A California court in Richey v. AutoNation, Inc. held that an employer's "honest belief" that its employee abused a leave of absence, without an investigation and/or supportive facts, was insufficient to bar the employee's California Family Rights Act ("CFRA") interference claim.

Richey opened a family restaurant while working as a sales manager for one of the respondents' car dealerships, Power Toyota. Richey injured his back at home resulting in a CFRA leave of absence. During Richey's leave, Power Toyota discovered that he was working at his restaurant, in violation of company policy prohibiting other employment while on leave. The company ordered various employees to surveil Richey, and they observed him allegedly taking orders, sweeping, and performing other tasks. Power Toyota then terminated Richey for working at his restaurant while on leave, in violation of company policy.

Through arbitration, Richey sued Power Toyota's parent companies for, among other claims, interference with his right to take CFRA leave. In defense, respondents asserted an honest belief, whether or not mistaken, that Richey was abusing his leave of absence by working at his restaurant. The arbitrator found in favor of respondents, despite finding that the company's outside employment policy was poorly written and its investigation "superficial."
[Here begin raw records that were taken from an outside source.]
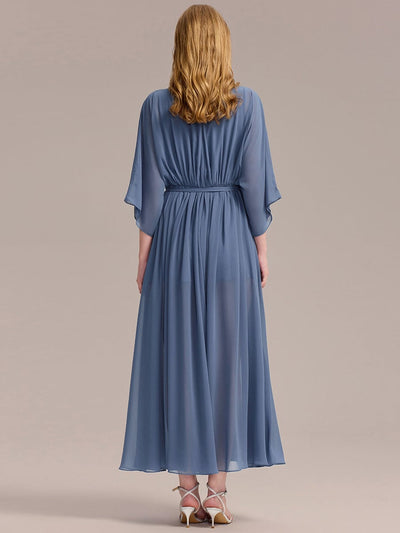 Slit Chiffon Tie-Front Formal Dress #color_Dusty Blue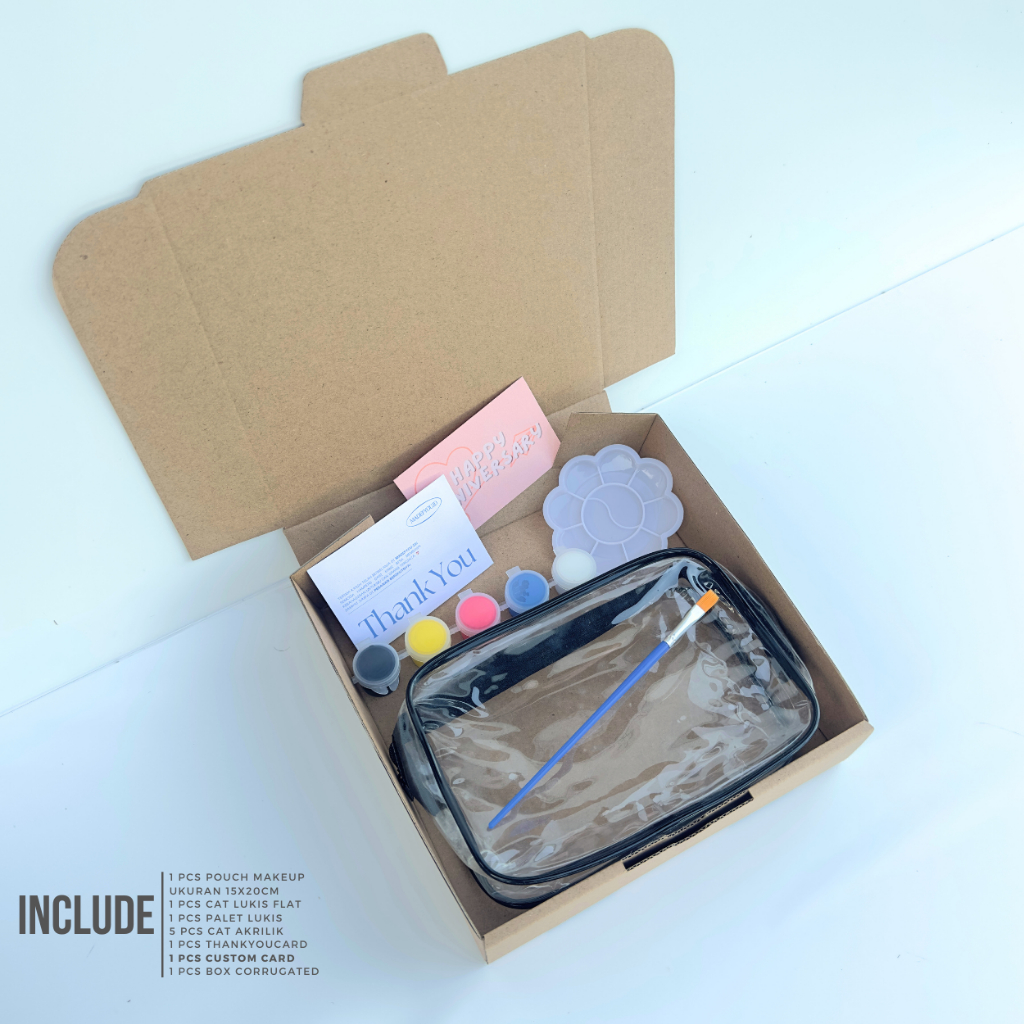 

DIY Hampers Melukis Pouch Transparan | Paket Cat Akrilik Lengkap | Kado UlangTahun | Giftbox Spesial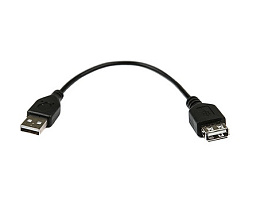 Кабель DIALOG CU-0102 USB A (M) - USB A (F), V2.0, длина 0.15 м, чёрный, в пакете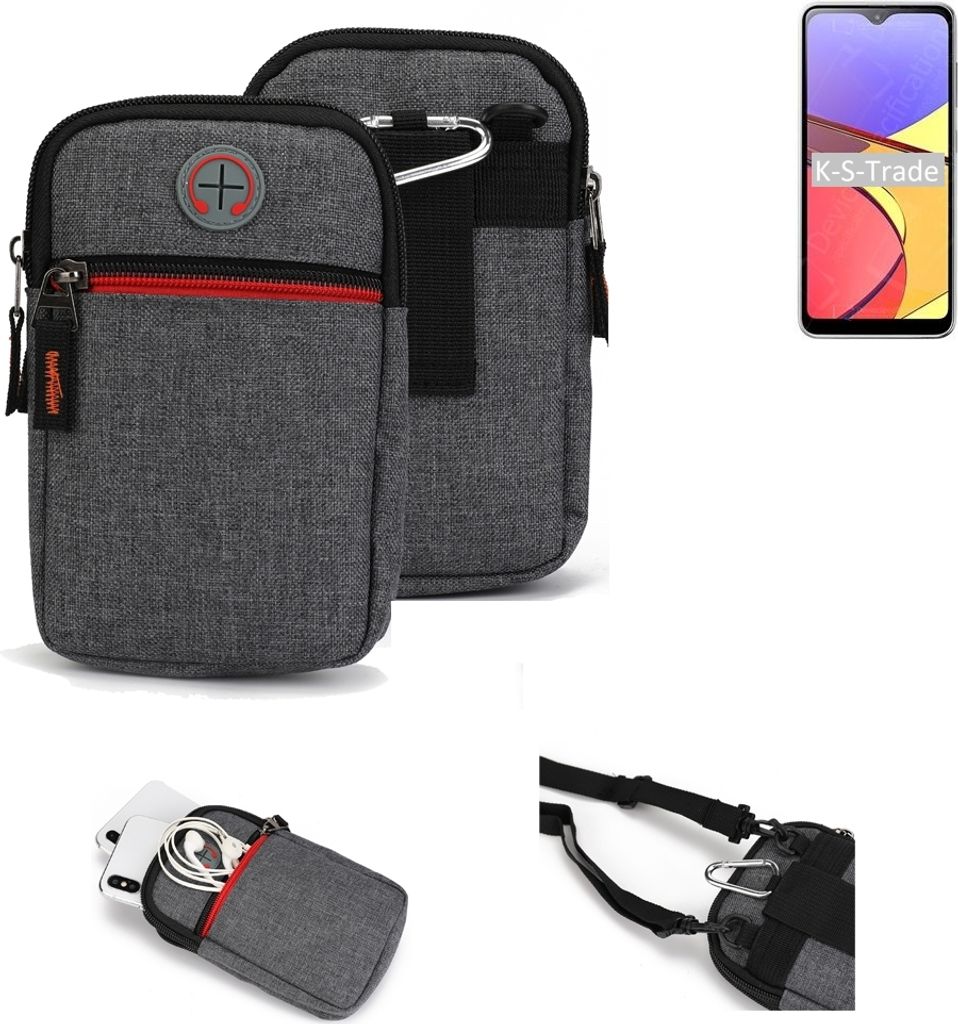 K-S-Trade Holster Gürteltasche kompatibel mit Samsung Galaxy A21 Simple SCV49 Handy Tasche Schutz Hülle grau Zusatzfächer 1x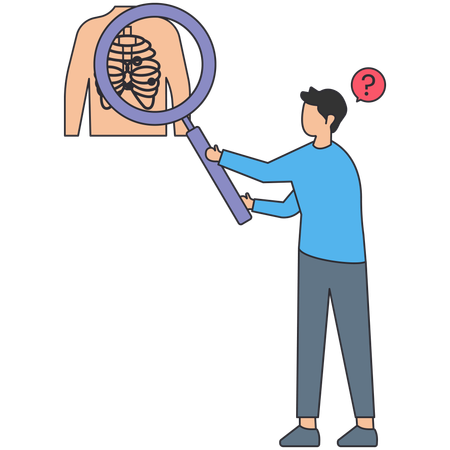 Un homme fait une radiographie médicale  Illustration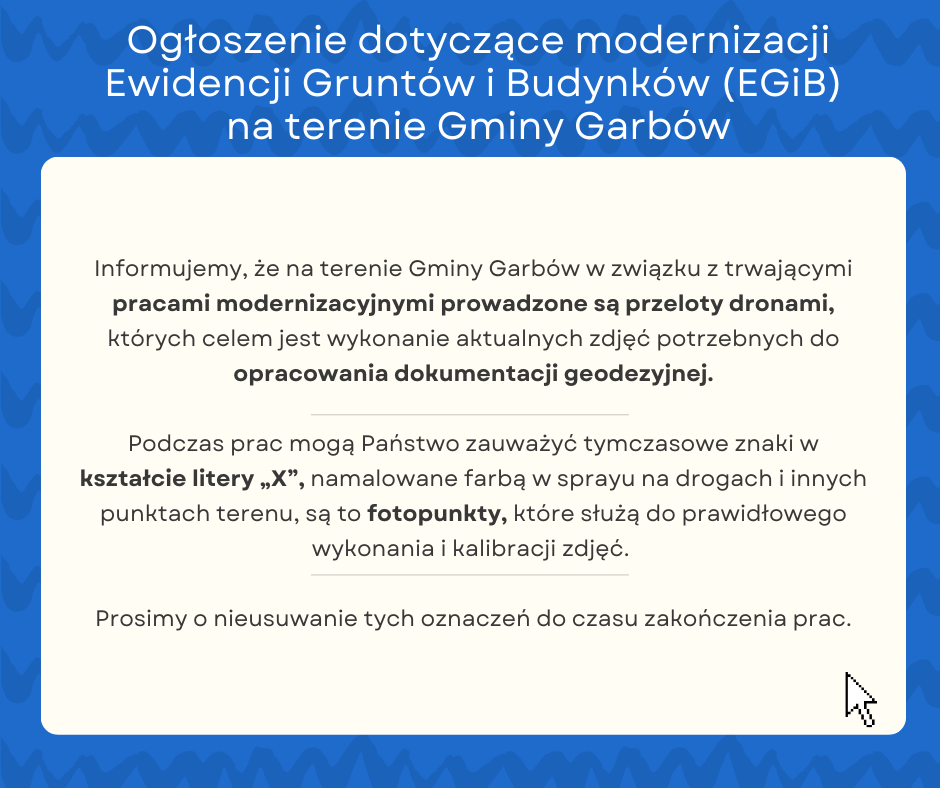 Ogłoszenie Ogłoszenie dotyczące modernizacji Ewidencji Gruntów i Budynków (EGiB) na terenie Gminy Garbów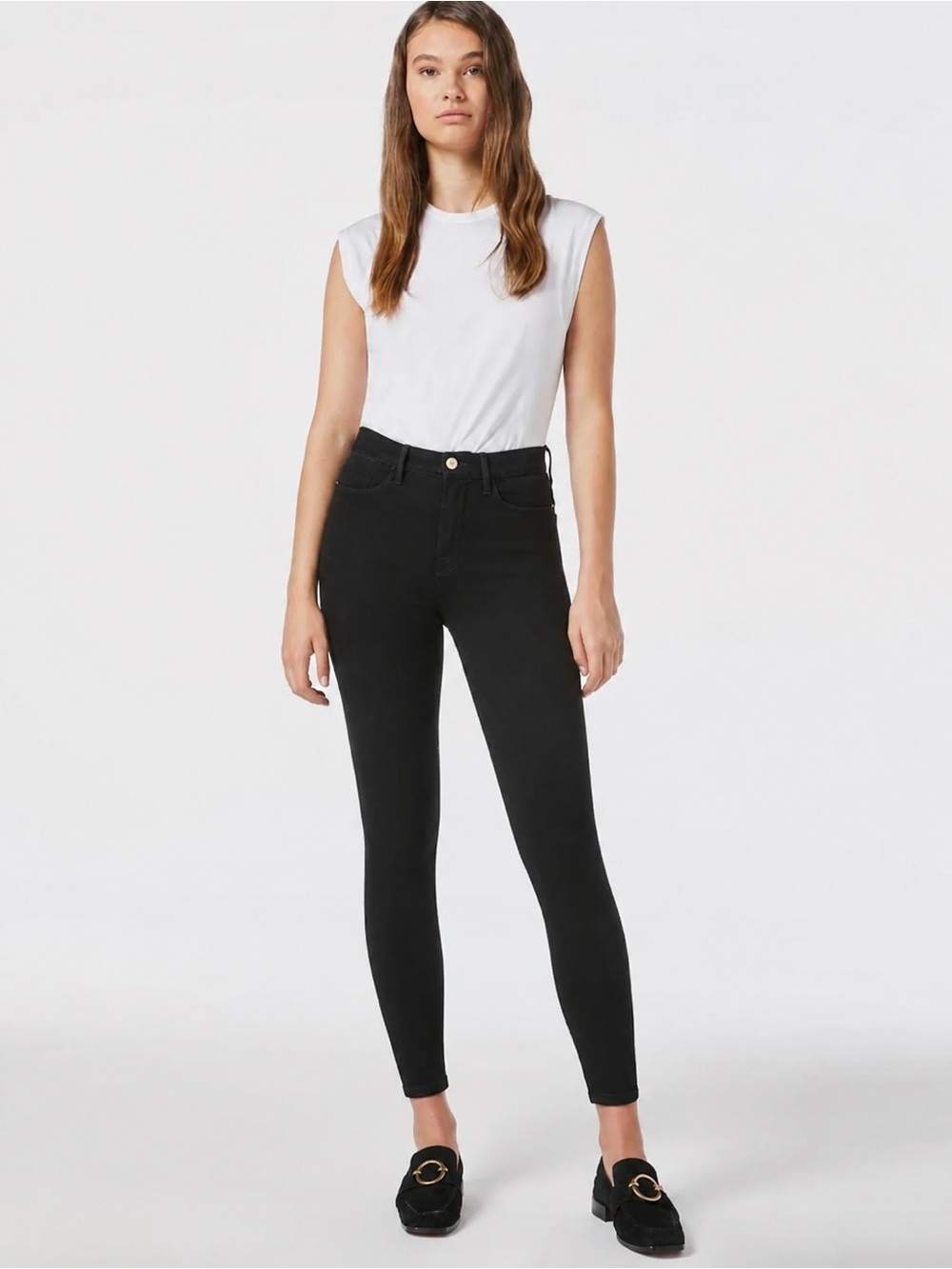 FRAME denim Le High Skinny in black, size 27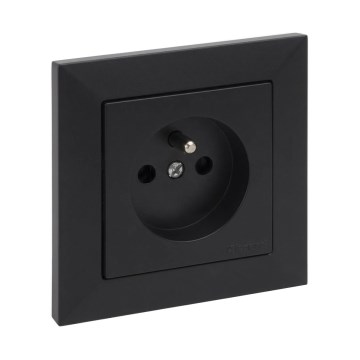 Legrand - Sienas kontaktligzda ar rāmīti SUNO 250V melna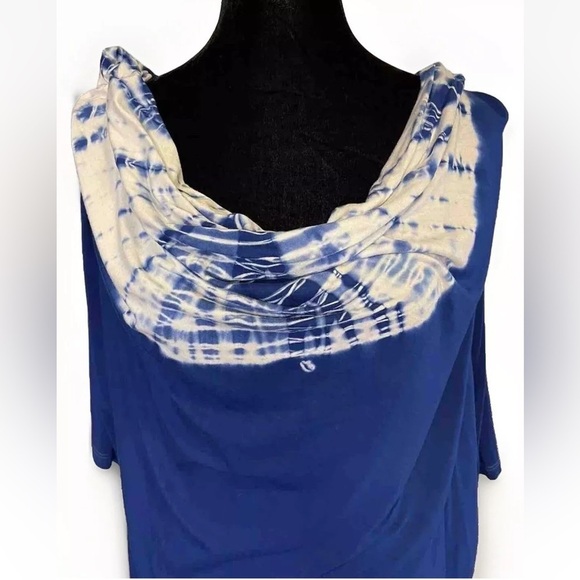 Soft Surroundings Top 1X Cowl Neck Tie Dye Blue Jersey Soft Vacation Beach USA - Picture 3 of 9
A court of appeals reversed, holding that the arbitrator committed legal error by barring Richey's CFRA claim based solely on respondents' "honest belief." It emphasized that the respondents bore the burden to prove by actual evidence – something more than an "honest belief" – that their failure to reinstate Richey was justified, since CFRA generally guarantees reinstatement following a covered leave. Thus, it was incumbent on respondents to have investigated and proven to the arbitrator that they refused to reinstate Richey because he violated his CFRA leave, rather than just rely on their policy and "honest belief."

This decision highlights the importance of a thorough investigation of employee misconduct, especially where it will serve as the basis for termination of an employee on a protected leave.